Understanding the Caracas Stock Exchange (BVC)
The Caracas Stock Exchange lists the stocks of about 60 companies.
The primary gauge of the value of companies traded on the Caracas Stock Exchange is the IBC Index, also referred to as the General Index, which consists of the stocks of 11 companies.
It is a capitalization-weighted index that tracks the value of the most frequently traded companies in Venezuela, including Banco Nacional de Crédito and Banco Provincial.
The Bolivar Soberano
All trading is in the bolívar soberano (VES), which has been the national currency since 2018, having replaced the bolívar fuerte, which had been rendered valueless by hyperinflation. As of July 10, 2021, the exchange rate was 3,256,602 bolívar soberano to one U.S. dollar.
The National Securities Commission is the Venezuelan regulatory body tasked with regulating the listing, sale, and trading of securities in Venezuela.
The trading day for equities at the Caracas Stock Exchange is broken up into three sessions. The pre-opening runs from 8:30 a.m. to 9:00 a.m.; the market session is from 9:00 a.m. to 1:00 p.m, and the post-closing runs from 1:00 p.m. to 1:30 p.m.
Fixed income securities are traded from 8:30 a,m, to 1:00 p,m.
The Caracas Stock Exchange and the Venezuelan Economy
The Caracas Stock Exchange traces its roots to 1805 when the country was still part of the Spanish Empire. That year, Don Bruno Abasolo y Don Fernando Key Muñoz founded a trading house in Caracas that evolved into the exchange that is still in existence today.
The institution known as the Caracas Stock Exchange was first registered in 1947 and consisted of 22 seats.
The Venezuelan economy is highly dependent on oil exports, as energy production contributes significantly to the country's gross domestic product. In fact, the U.S. Council on Foreign Relations terms Venezuela a "petrostate," and analyzes its spiraling economic and humanitarian crisis in those terms.

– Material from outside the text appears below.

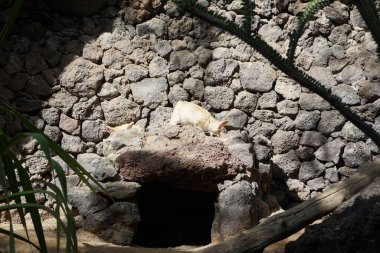 Fennec fox, Vulpes zerda, Vulpes cinsinden Kuzey Afrika 'nın çöllerine özgü bir tilkidir. La Lajita, Las Palmas, İspanya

The oil sector is dominated by Petróleos de Venezuela, the state-owned oil and natural gas company founded in 1976 after the government nationalized the oil industry. The company provides the government of Venezuela with about half of its revenues, and the economic fortunes of most Venezuelans rise and fall based on the price of oil.
This dependence on oil was a key factor in the collapse of Venezuela's economy that began in 2015 with the decline in global oil prices.
The IBC Index declined 99.63% in the first half of 2021.